This is an interesting question, although I'm wondering if it is even possible for HomeKit or Siri to specify a LED bulb color temperature since different manufacturer bulbs will have different capabilities and perhaps different ways to control the LED hue and color temp.
For example, Philips Hue has various types of bulbs - 'white' (fixed color temp, 2700K, referred to as 'soft white' or 'warm white); white ambiance (color temp controllable between 2200K-6500K, 'warm white' to 'cool daylight'); and finally white and color ambiance (color temp controllable between 2000K-6500K plus "16 million colors").
Homekit is a specification for how to transmit control info, so homekit is specifically designed to be able to specify a bulb color in a certain way, and then the device manufacturers program their devices so they know how to read the info. It doesn't matter how the bulbs talk to other things, when they talk to homekit, every device is talking the same language, no matter who makes the device.
When you move the slider it doesn't send over the network "set the bulb to this color that's kinda warmish but not too warm" it says "set bulb to 4000K." Although homekit uses
Mired instead of degrees kelvin, but mired is just "1,000,000/kelvin" so it's easy to figure out. 4,000k = 250 mired
The number exists in the app, they just don't display it
in the same way that people have standardized the temperature scale, They have done the same for color temperature and color. They might use different scales like Celsius/Fahrenheit or Kelvin/Mired, but it's typically simple math to convert between. All 3 have nothing to do with apple and have existed LONG before homekit (or apple) was even a thing.
When you say "give me a pot of water at 120F," you will always get you the same result. Although some might give you water at 49C. And some might be poor with their accuracy so your water might be between 115-125F, but it'll be close.
you can apply the same to color and color temperature, some might use hue+saturation some might use X,Y and some cheaper devices might not match exactly, but they'll all come out the same color or at least close.
the devices also talk back to the home app, so it knows what range it can set bulbs to.
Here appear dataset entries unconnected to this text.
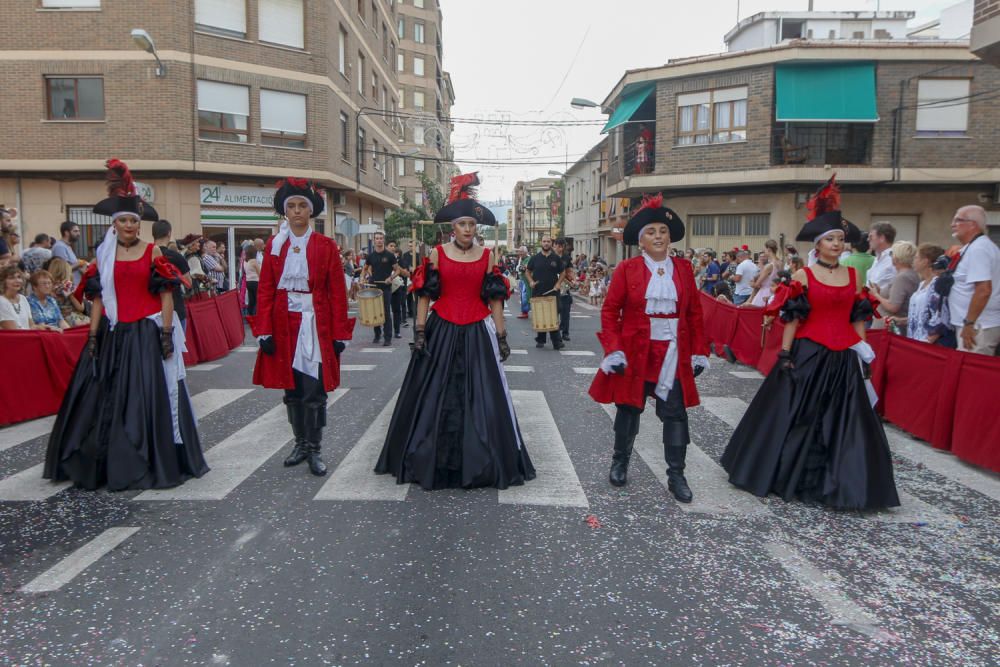 Más de 2.000 festeros participan en una vistosa Entrada de Moros y Cristianos que consigue llenar de público todas las calles de la capital de la Foia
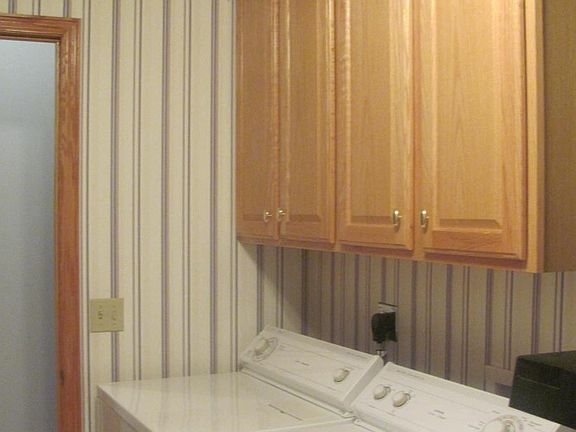 2nd image of 3800 Zinnia Ln N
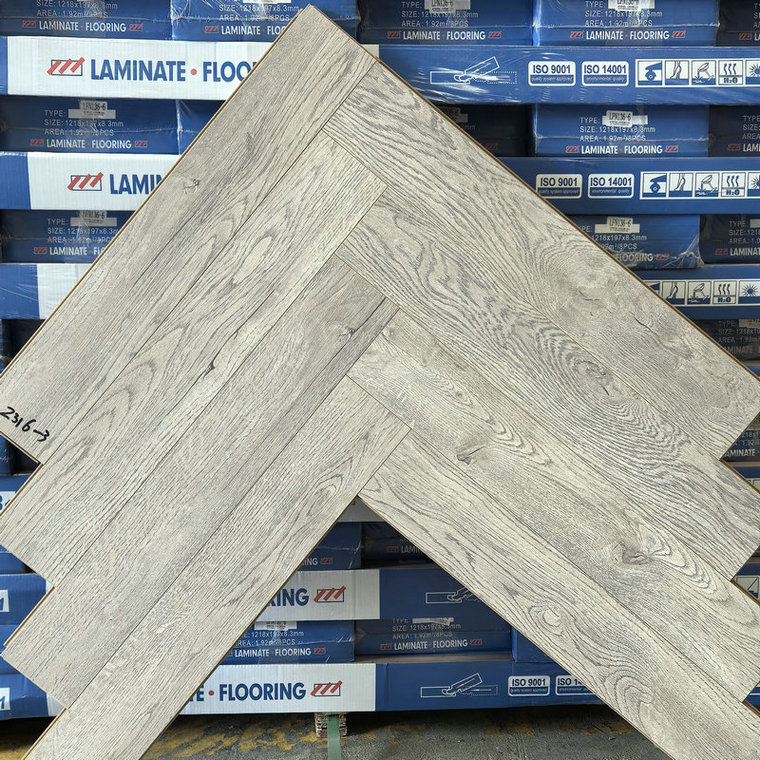 أرضيات 8 مم للتجارة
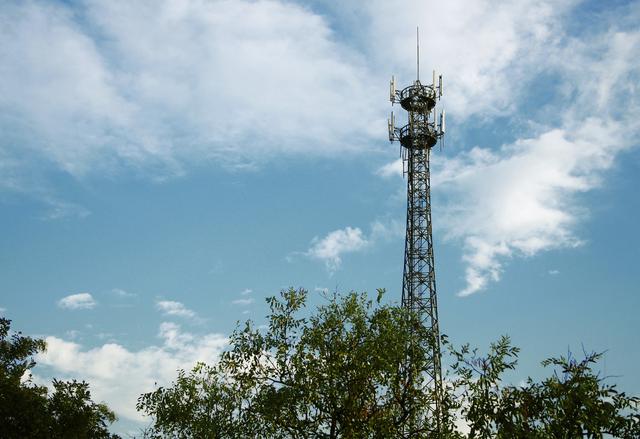 电信的无线上网信号接收塔有辐射吗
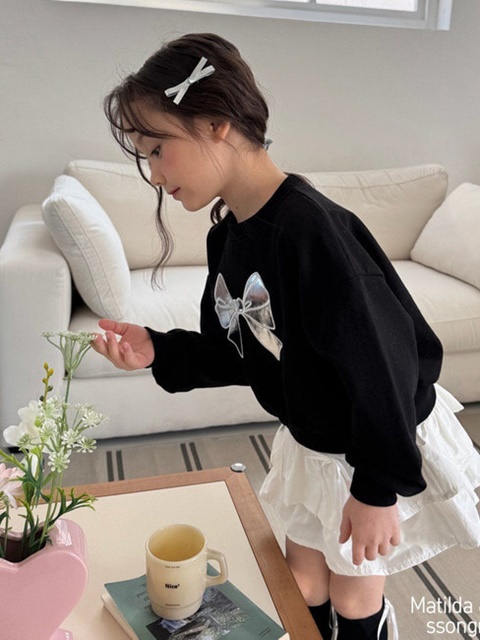 Ribbon Embroidery Cropped Sweatshirts Ribbon Embroidery Cropped Sweatshirts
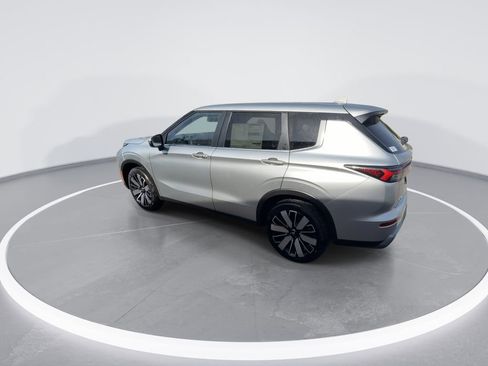 New 2026 Mitsubishi Outlander SE FWD image 6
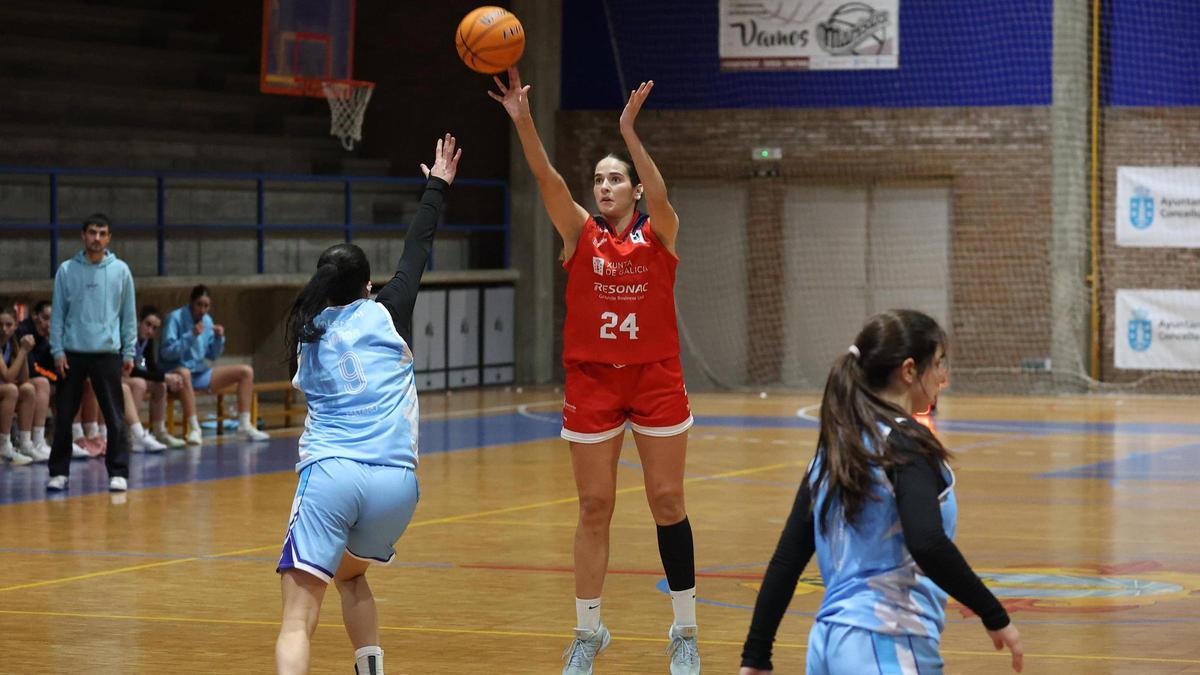 Sofía Arcos lanza a canasta en un partido de Maristas esta temporada.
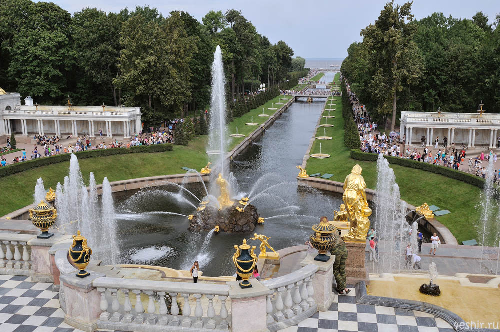 Петергоф, Большой каскад с фонтаном "Самсон" в центре. Струя бьет вверх на 21 метр без насоса, только за счет разницы расположения резервуаров по высоте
If you had a white and a white+color bulb from hue, and look at their individual color temperature setting screen, they probably look slightly different. I have a variable white LED strip that does 2400-6500, and it's slightly different from the hue bulb's.
the fixed white bulb, homekit doesn't even know or care what color temperature it is, only that it can turn on/off and dim.
if you were to ask siri to set a light to 2,100K
the fixed white bulb would do nothing, since it has no color paramters
the white ambiance would do nothing, since it's outside it's supported range
the white/color would change, since it's supported
but if you said "set the light to 3,000K"
again the fixed white would do nothing
the white and white/color would both change.